I’m not crazy about the Lieutenant sending the word ‘GOTCHA’ to Dian’s pager, either. It’s another ‘new Columbo’ example of a needlessly flamboyant flourish being added where it wasn’t needed. It’s certainly nowhere near as ghastly as the toy soldier Columbo from Grand Deceptions, or the Ringmaster suit from Murder, Smoke and Shadows, but the point didn’t have to be underlined in such a heavy-handed fashion.

Still, a lesser gotcha doesn’t have to damn an episode, and Columbo Cries Wolf has more than enough going for it to be considered a compelling addition to the canon. Peter Falk is on particularly good form, his Columbo displaying a gritty edge without ever fully succumbing to the sort of tomfoolery that blighted the likes of Sex & The Married Detective. There are only two silly moments that I’d have cut: Columbo jogging along with Tina in a short-lived attempt to unsettle her; and his bewilderingly wooden reaction to her splashing him with a bomb dive.

I’d have preferred a bit more discomfort at his being surrounded by partially clothed women for so much of the episode, too (he even indulges in an uncharacteristic ogle at one swimsuit model), but this is certainly the best characterisation since his 1989 comeback. The mutual dislike between the two leading men is also nicely portrayed and makes for gripping viewing.

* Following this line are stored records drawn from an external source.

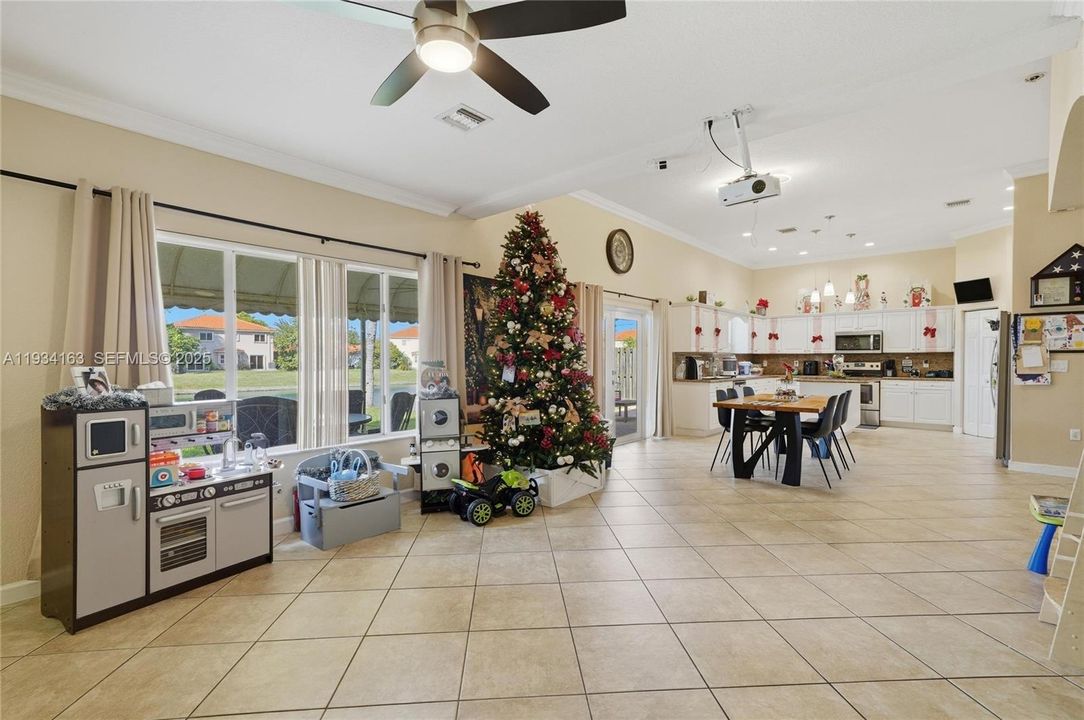 For Sale: $595,000 (4 beds, 3 baths, 2792 Square Feet)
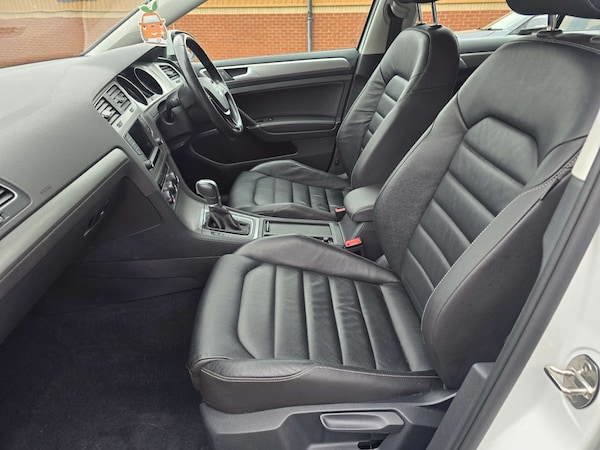 Used Volkswagen Golf 2016 for sale - 76277862: Photo 47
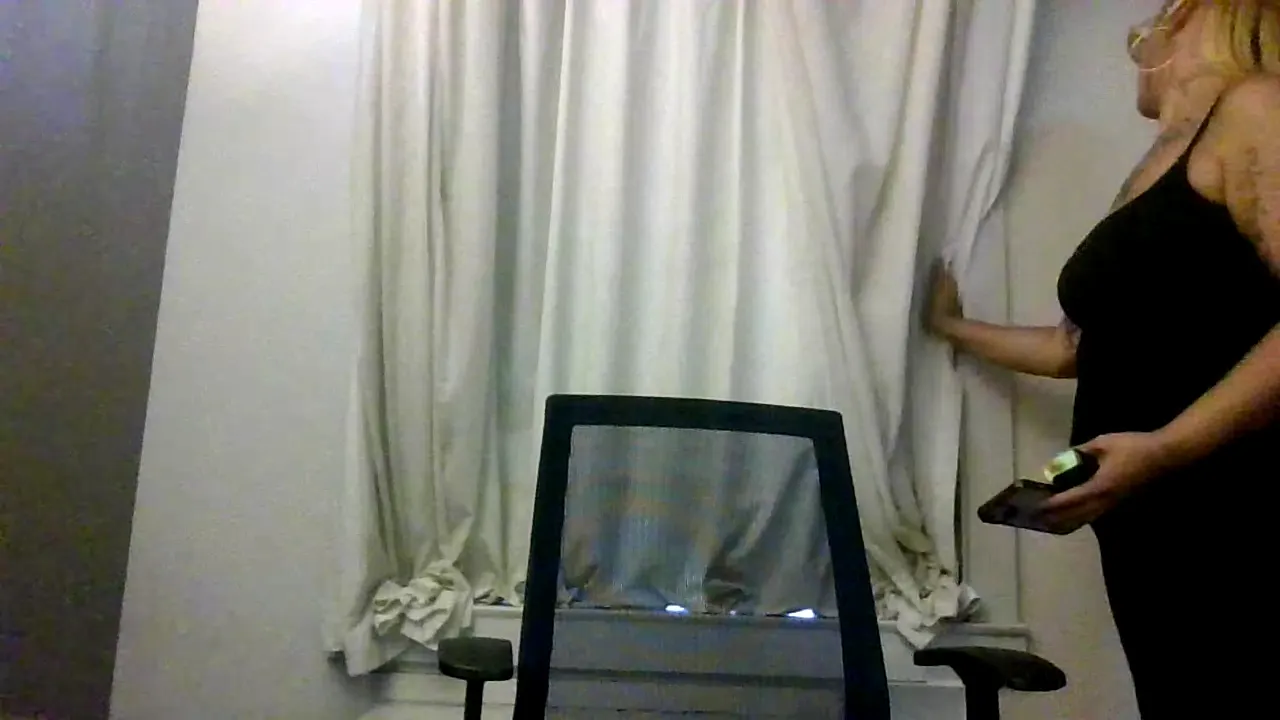roleplay chatroom Freaky Redd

Columbo Cries Wolf Dian Hunter
No YOU’RE creeped out and cringing

The hard edge shown by the detective is also mirrored in some of the episode’s set-pieces, notably the brutal snapping of Dian’s neck, and the subsequent reveal of her bagged body behind the wall insulation. This is a genuinely creepy moment and a nice nod to the plastic-wrapped corpse behind the revolving wall panel in Season 1’s Dead Weight.

I also enjoyed the Easter Egg reference to Chief Superintendent Durk, who has asked Columbo for some LA intel to help his own London-based investigation into Dian’s disappearance. There had to be a valid, plausible reason for Columbo to become involved in the case and this was a very good way of doing it, doubling up as a reward for fans who know Durk from his 1972 appearance in Dagger of the Mind. References to Columbo’s previous cases are rare, so this is something of a collector’s item.

Keen fans of the 70s’ series will also enjoy seeing regular bit-part players John Finnegan and Bruce Kirby reappearing in the series. Although uncredited, Kirby was reprising the Sergeant Kramer role that endeared him to millions at Columbo’s peak. It’s nice to have them both back.

Columbo Cries Wolf is so unashamedly a product of its times that it’s really rather endearing.”

Those hark backs, though, are probably the only things about Columbo Cries Wolf that don’t thoroughly represent a love-in with the ‘ultra-modern’ world of the late 80s/early 90s. CCTV and pagers are technical wonders Columbo has to get his head around, while we also see mobile phones (in the form of humongous bricks) in use for the first time in the series by the nouveau riche pillocks of the day.

The fashions are ridiculously 80s, with Brantley’s wardrobe, in particular, a dodgy assortment of oversized double-breasted blazers, puffy-sleeved shirts and collars the size of Italy. What a time to be alive! The women fare little better, with Tina, especially, guilty of fashion crimes against humanity. Her barely-covering-the-chest scarlet crop top, allied with multicoloured skintight leggings, has to be seen to be believed. Can any reader confirm that people ever wore outfits like this in real life without inducing strokes?

(As an aside, Rebecca Staab, starring as Tina, is H-to-the-O-to-the-T in that tacky 80s/90s way, which I mean as a compliment to her appearance and performance. She’s no Kay Freestone, Beth Chadwick or Jessica Conroy, but if you dig bottle blondes in figure-hugging attire, Tina will almost certainly float your boat.)

Columbo Rebecca Staab
Put that underboob away, this is a family show!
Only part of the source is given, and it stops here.